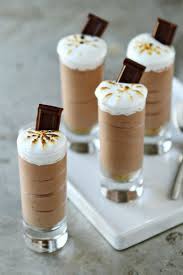 Shooters, cake cups, mini desserts ~ whatever you choose to call them, started out as a restaurant trend and has made its way over to weddings. Shot Glass Desserts For People Who Like To Snack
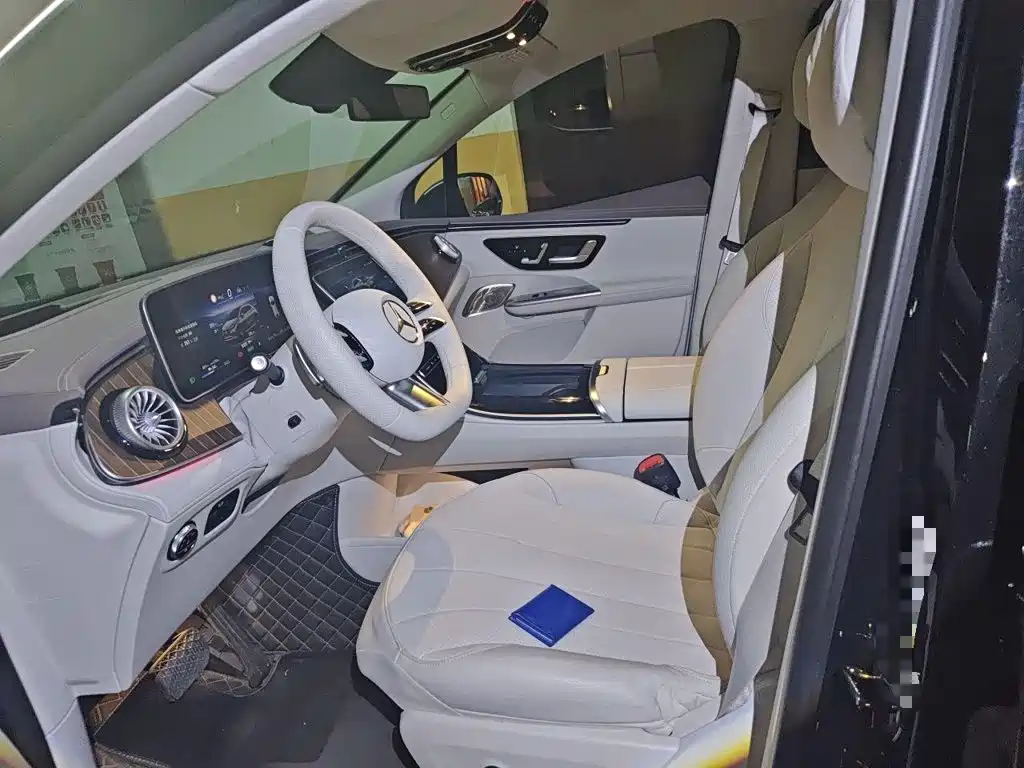 Mercedes-Benz EQE SUV — миниатюра 16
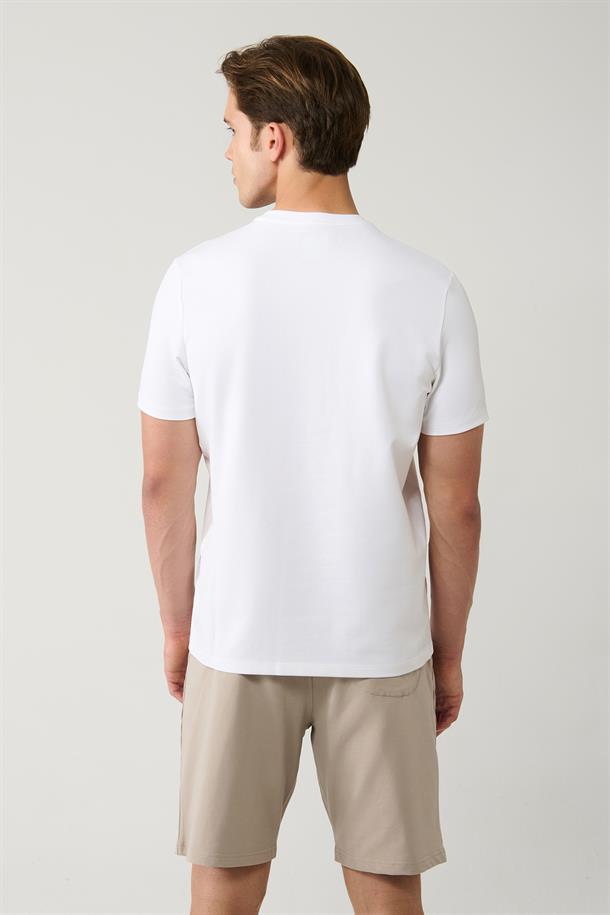 Beyaz Bisiklet Yaka Baskılı T-shirt
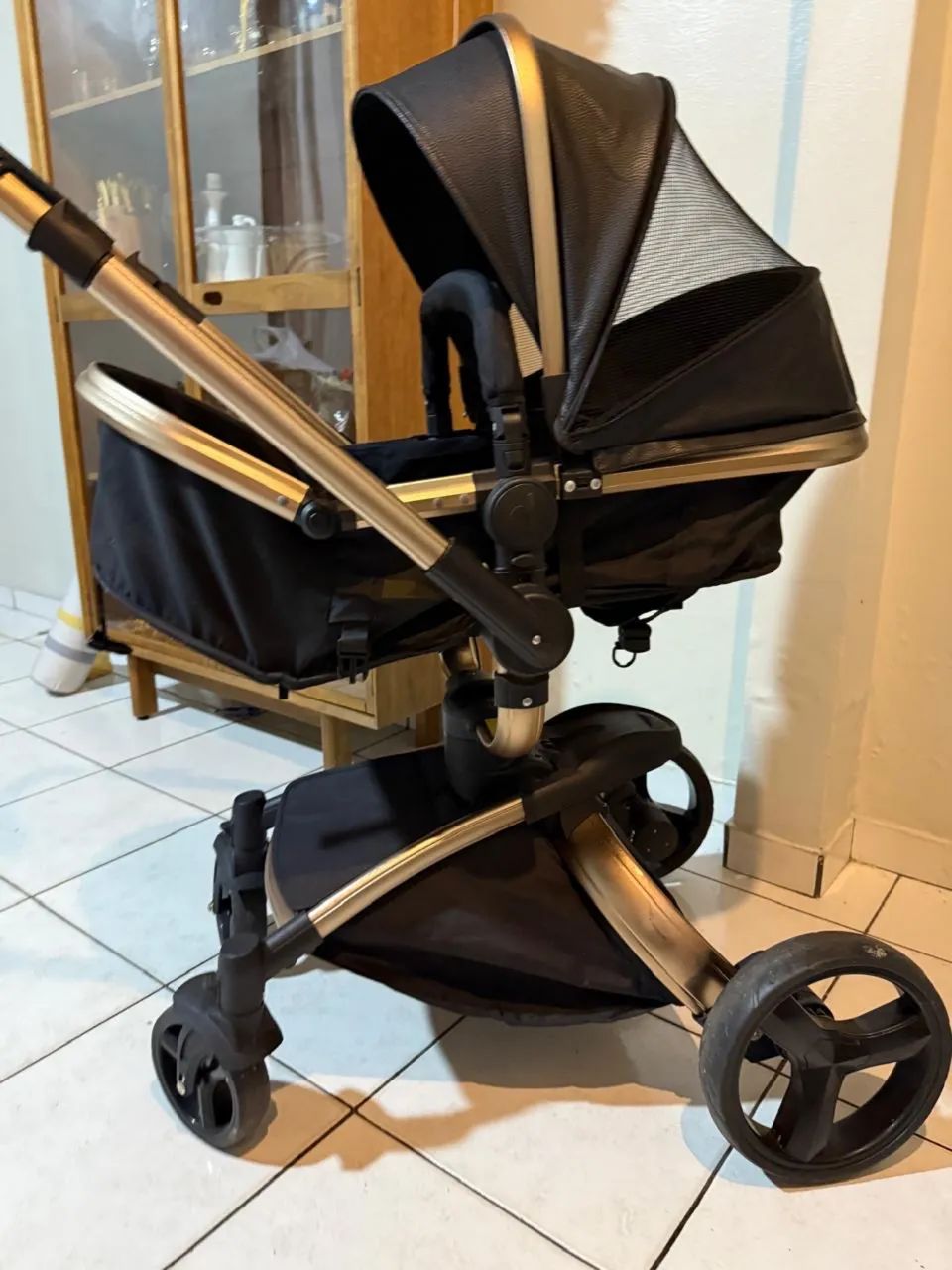     Carrinho de Bebê Vulkan Golden 3 em 1 + Bebê Conforto e Base - Foto 5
---+---
Requirement: Could you set down word for word each line from the one holding "Mercedes-Benz EQE SUV — миниатюра 16" through the end of the material above, without any pictures?

Answer space:
 Mercedes-Benz EQE SUV — миниатюра 16
 Beyaz Bisiklet Yaka Baskılı T-shirt
     Carrinho de Bebê Vulkan Golden 3 em 1 + Bebê Conforto e Base - Foto 5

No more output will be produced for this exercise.